### ACTIVITY
Beginning with the line that holds "Вячеслава Чорновола вул., 60" and finishing with the line that holds "Naperville Condo |", repeat the listing exactly, leaving every picture out.

### DATA TO USE
+---+
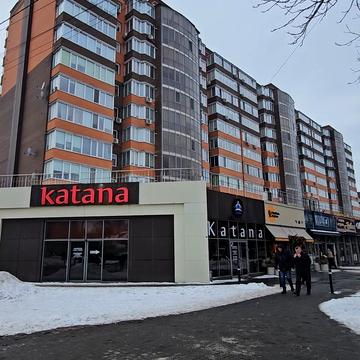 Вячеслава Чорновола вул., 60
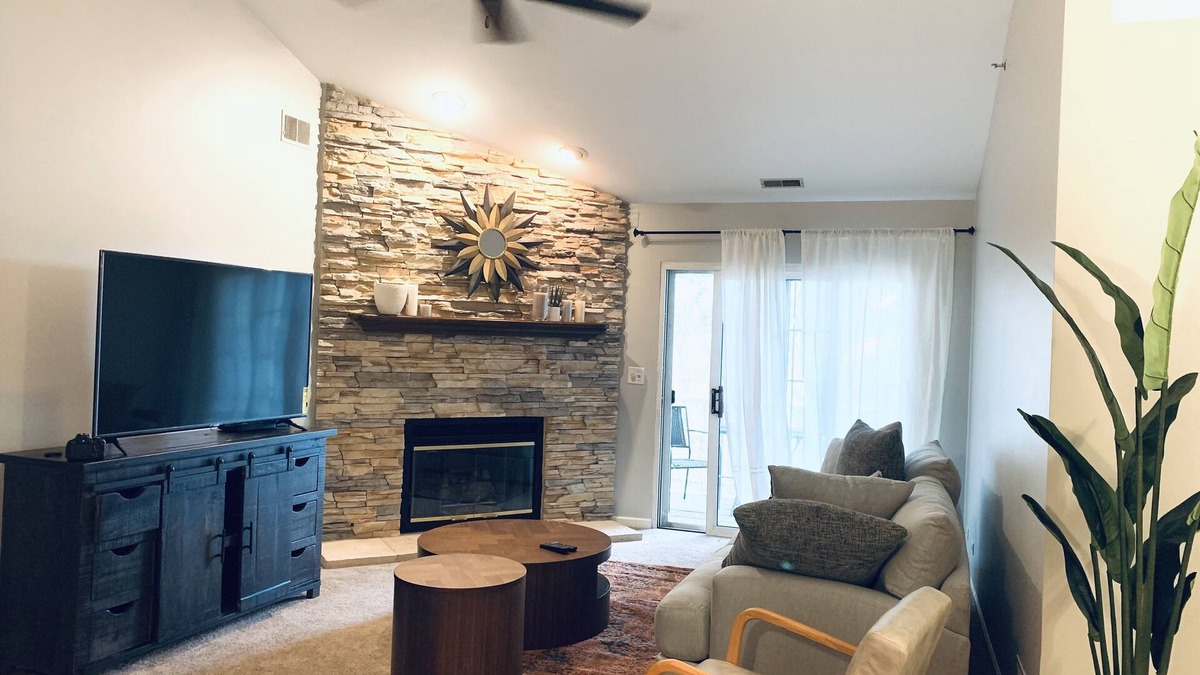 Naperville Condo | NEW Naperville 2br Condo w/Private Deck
+---+
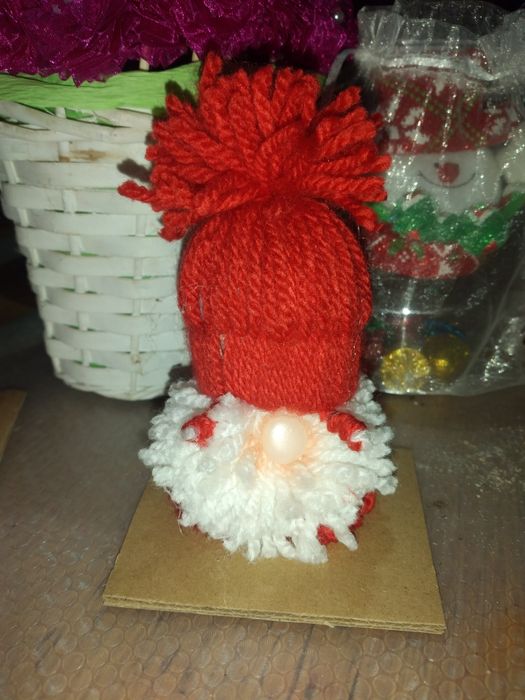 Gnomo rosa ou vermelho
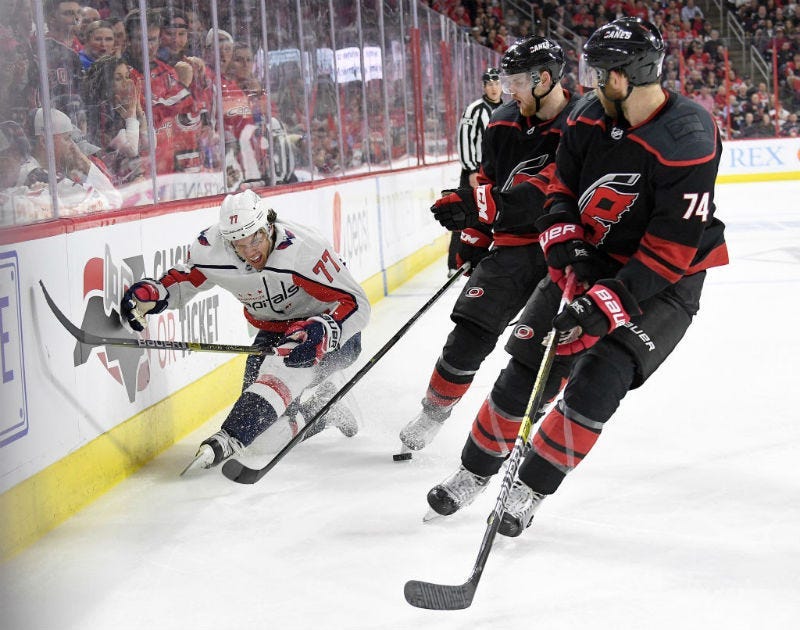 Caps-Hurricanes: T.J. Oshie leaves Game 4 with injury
+---+
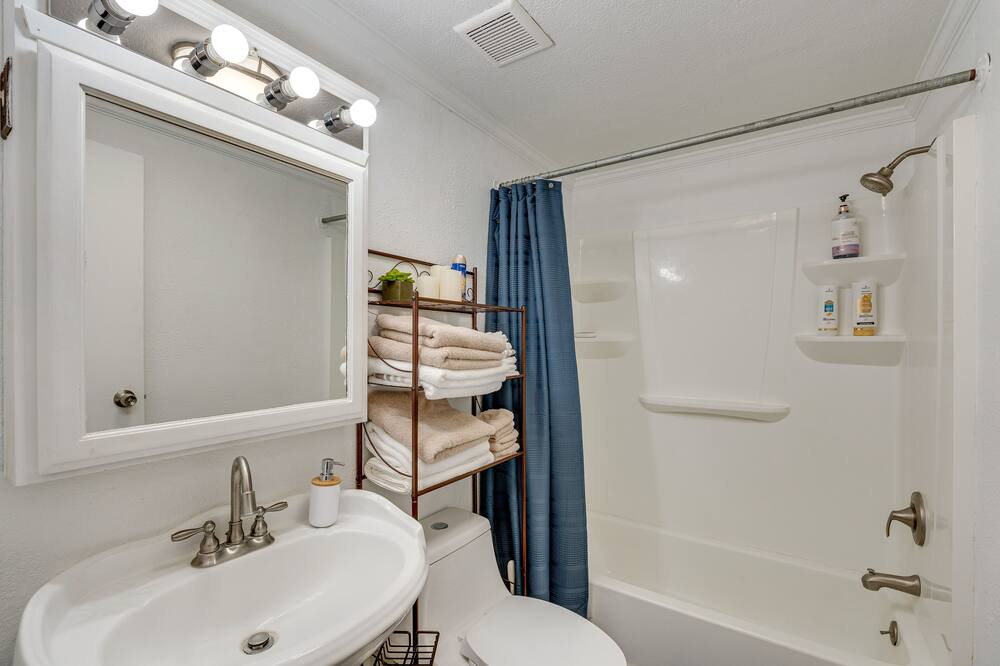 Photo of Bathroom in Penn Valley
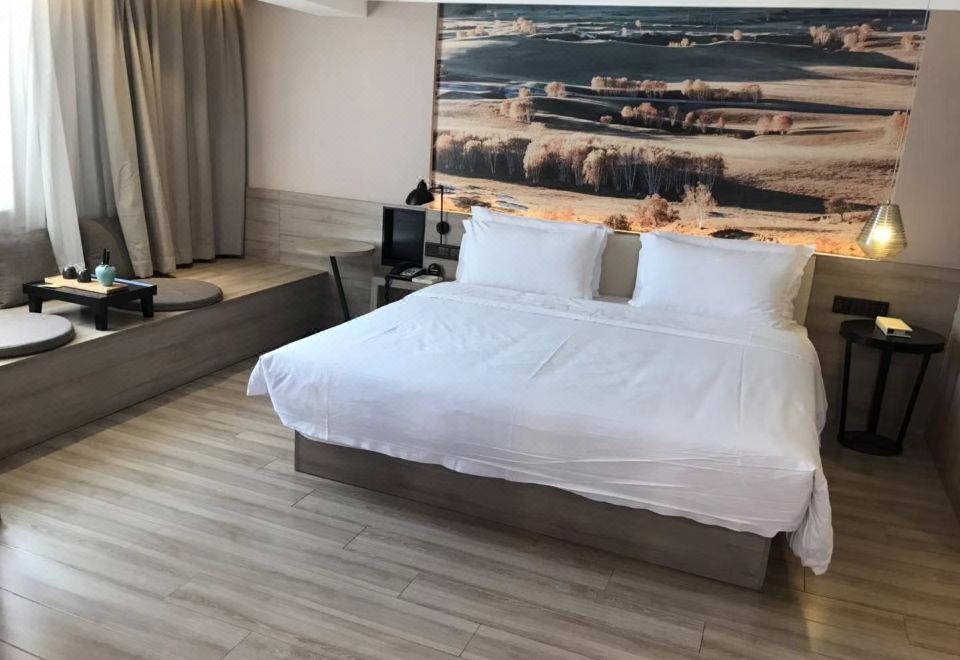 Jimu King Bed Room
+---+
### WRITTEN SOLUTION
 Вячеслава Чорновола вул., 60
 Naperville Condo | NEW Naperville 2br Condo w/Private Deck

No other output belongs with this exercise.